Pictures with short captions:
····················

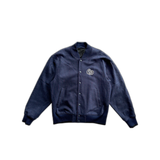 Dior Navy Pinstripe Atelier Embroidered Bomber Jacket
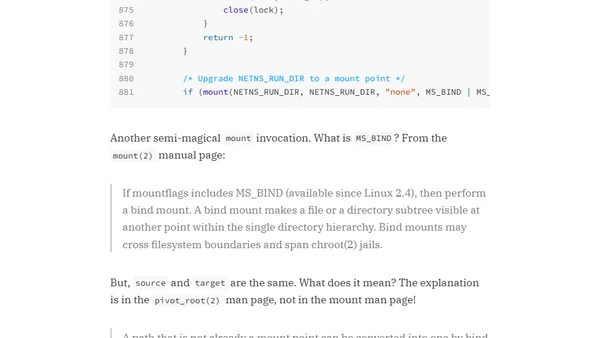 What does ip netns add actually do?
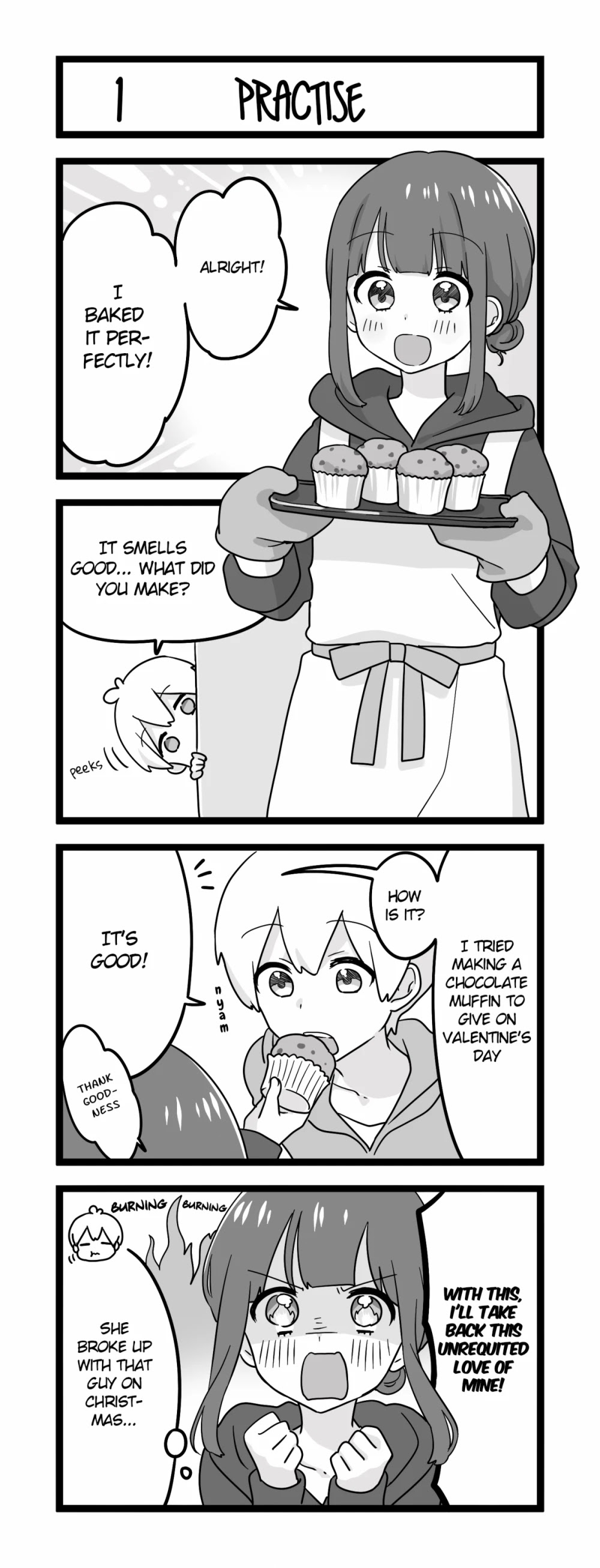 Menhera Shoujo Kurumi-chan Chapter 147 page 1 - Chapter 147: 1. Practise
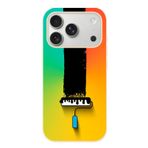 Le Balvo İphone 17 Pro Uyumlu Boya Rulosu Baskılı Silikon Kılıf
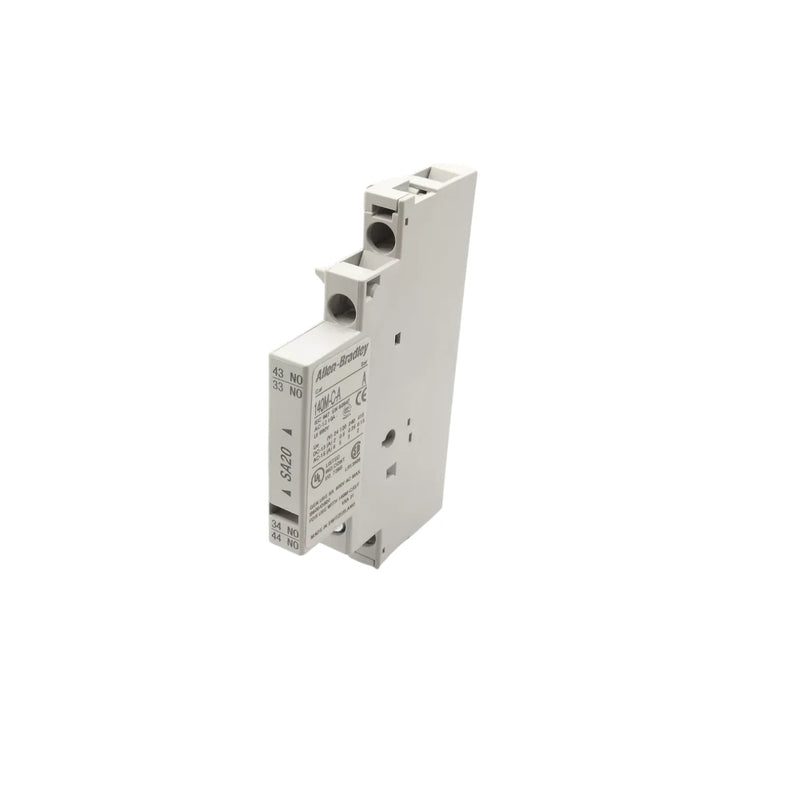 Allen-Bradley 140M-C-ASA20 motor protection breaker, 2A, 3-pole, adjustable, manual reset, DIN rail mount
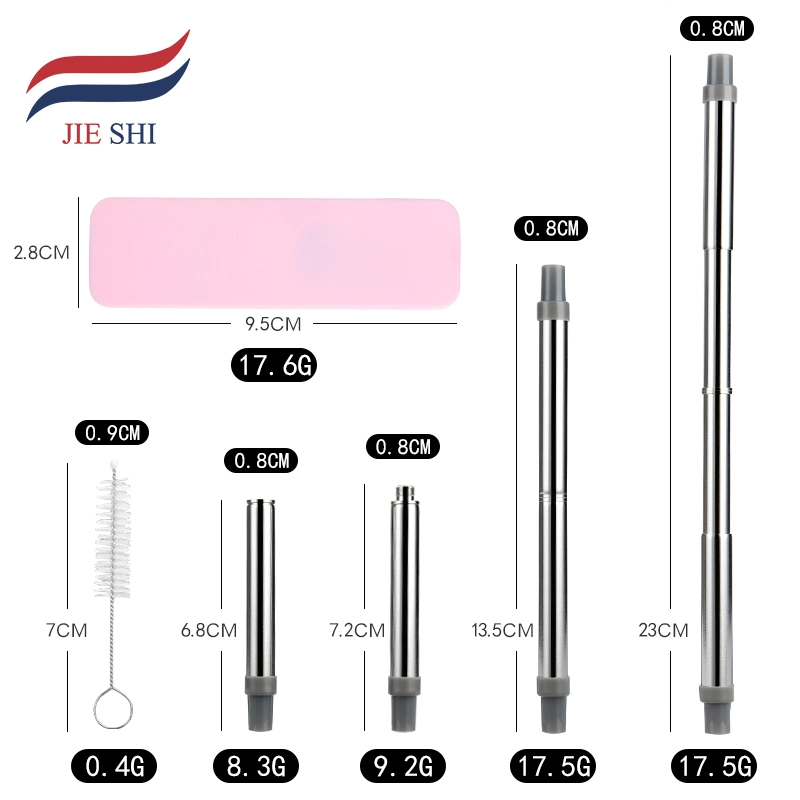 Reusable Metal Stainless Steel Drinking Straws Bar Accessories Eco-Friendly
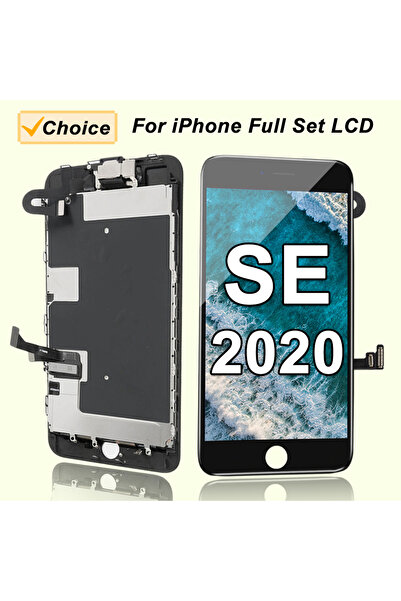 Choice1 SE 2020 شاشة AAA سوداء كاملة لهاتف iPhone SE 2020 SE2 مجموعة كاملة من...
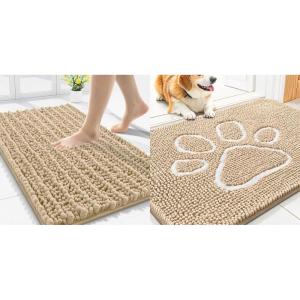 image:imageSmiry Bathroom Rugs Mat and Dog Door Mat for Muddy Paws 30x20 Inches Beige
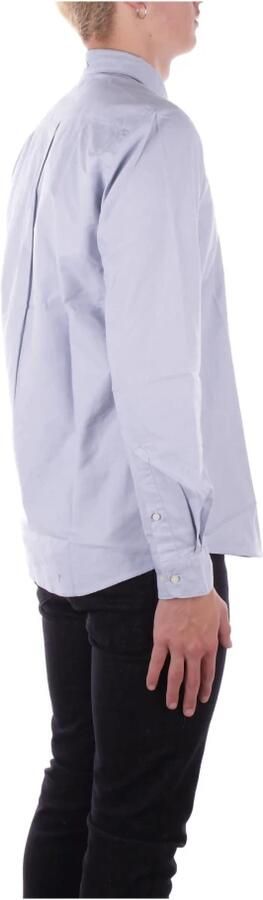 Barbour Logo Front Button Shirt Blue Heren - Foto 5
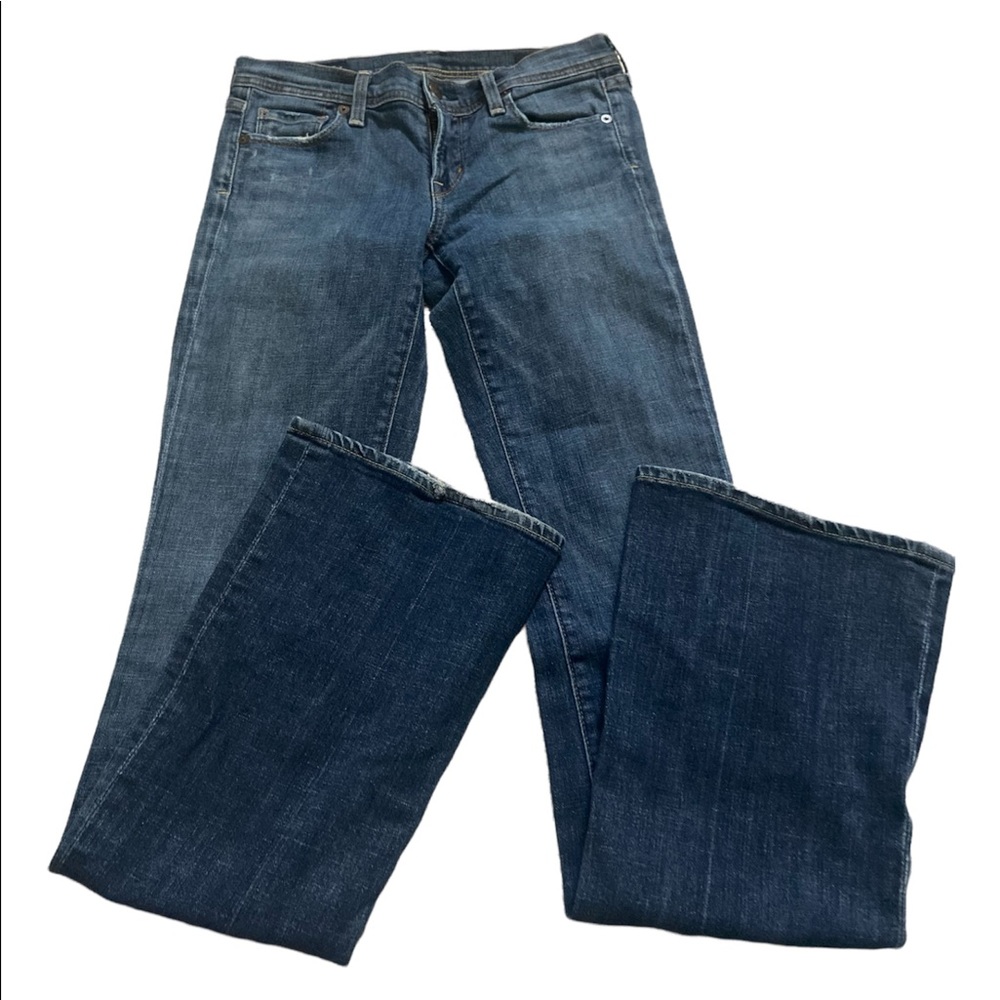 Womens Kut Blue low waisted flared jeans size 27
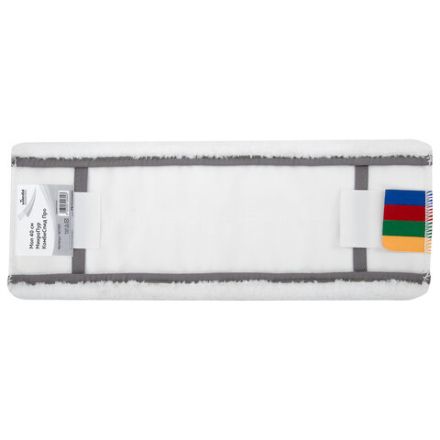 Насадка МОП плоская 40 см, VILEDA PROFESSIONAL "МикроПур Комби", уши (ТИП УВ) микрофибра, белый, 167297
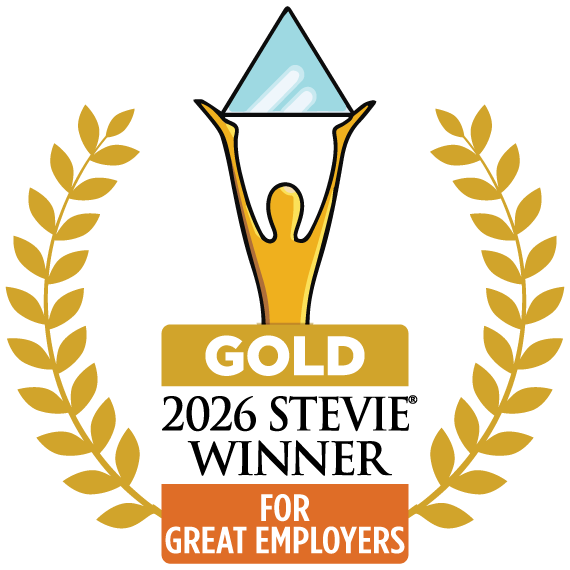Gold Stevie Award 2026 badge – Stevie Awards for Great Employers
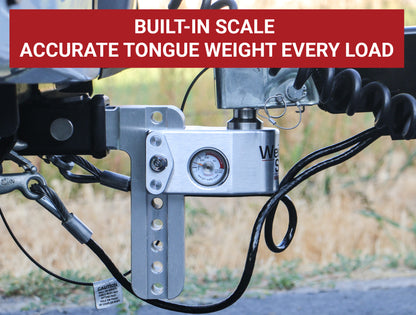 Weigh Safe 8" Drop Hitch With 2.5" Shank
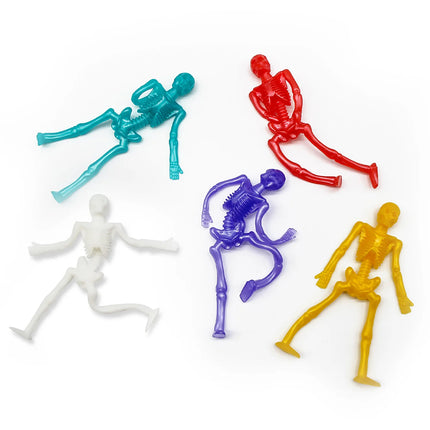 TPR Soft Rubber Stretch Skeleton Halloween Trick Toy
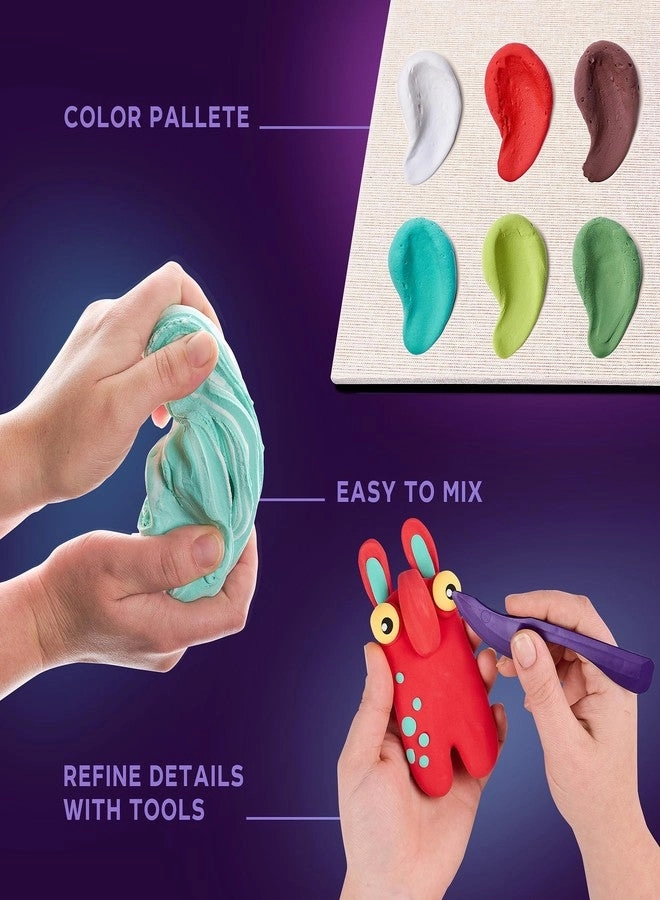 Little Worlds “Mommy Troll” - Foam Air-Dry Modeling Clay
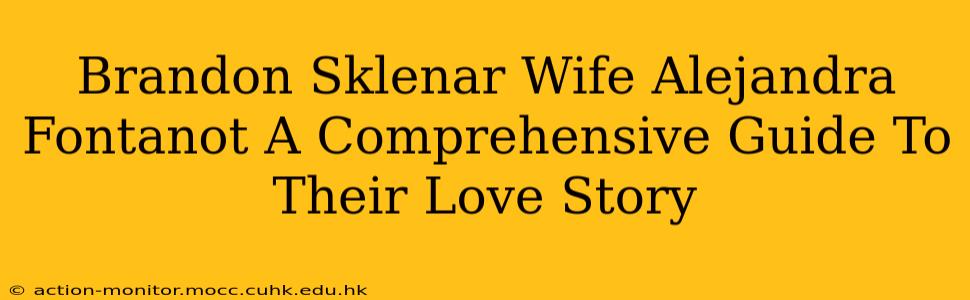 Brandon Sklenar Wife Alejandra Fontanot A Comprehensive Guide To Their Love Story
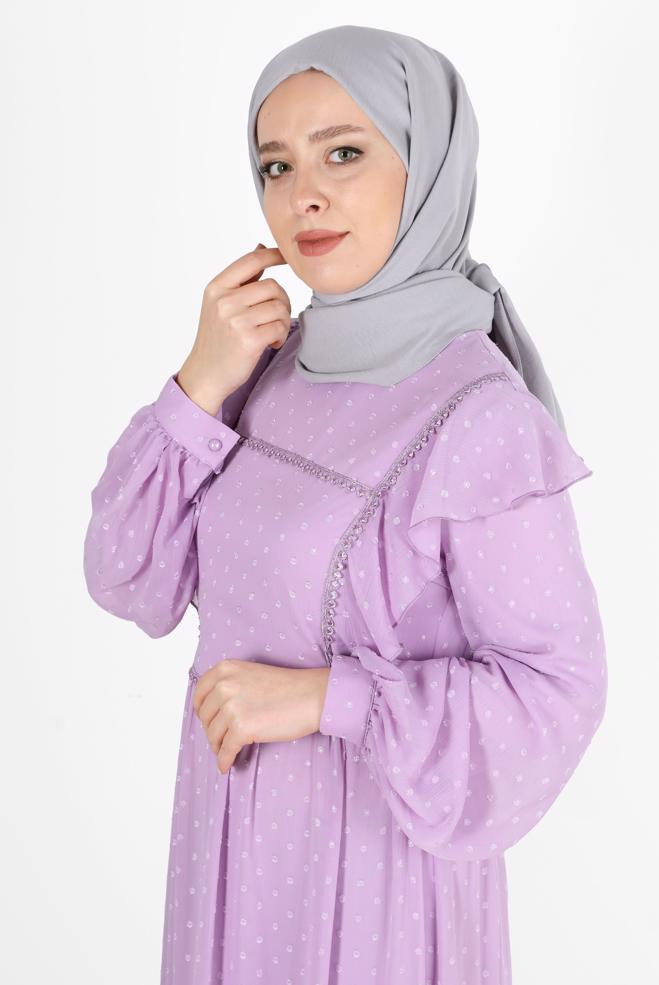 Tesettür giyim  ALVİNA PAMUK AYROBİN ŞAL 8115 - ALVİNA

····················

Required work →
Go back to the records above and write them out exactly, without the pictures.

Response for this exercise →
 Dior Navy Pinstripe Atelier Embroidered Bomber Jacket
 What does ip netns add actually do?
 Menhera Shoujo Kurumi-chan Chapter 147 page 1 - Chapter 147: 1. Practise
 Le Balvo İphone 17 Pro Uyumlu Boya Rulosu Baskılı Silikon Kılıf
 Allen-Bradley 140M-C-ASA20 motor protection breaker, 2A, 3-pole, adjustable, manual reset, DIN rail mount
 Reusable Metal Stainless Steel Drinking Straws Bar Accessories Eco-Friendly
 Choice1 SE 2020 شاشة AAA سوداء كاملة لهاتف iPhone SE 2020 SE2 مجموعة كاملة من...
 image:imageSmiry Bathroom Rugs Mat and Dog Door Mat for Muddy Paws 30x20 Inches Beige
 Barbour Logo Front Button Shirt Blue Heren - Foto 5
 Womens Kut Blue low waisted flared jeans size 27
 Насадка МОП плоская 40 см, VILEDA PROFESSIONAL "МикроПур Комби", уши (ТИП УВ) микрофибра, белый, 167297
Gold Stevie Award 2026 badge – Stevie Awards for Great Employers
 Weigh Safe 8" Drop Hitch With 2.5" Shank
 TPR Soft Rubber Stretch Skeleton Halloween Trick Toy
 Little Worlds “Mommy Troll” - Foam Air-Dry Modeling Clay
 Brandon Sklenar Wife Alejandra Fontanot A Comprehensive Guide To Their Love Story
 Tesettür giyim  ALVİNA PAMUK AYROBİN ŞAL 8115 - ALVİNA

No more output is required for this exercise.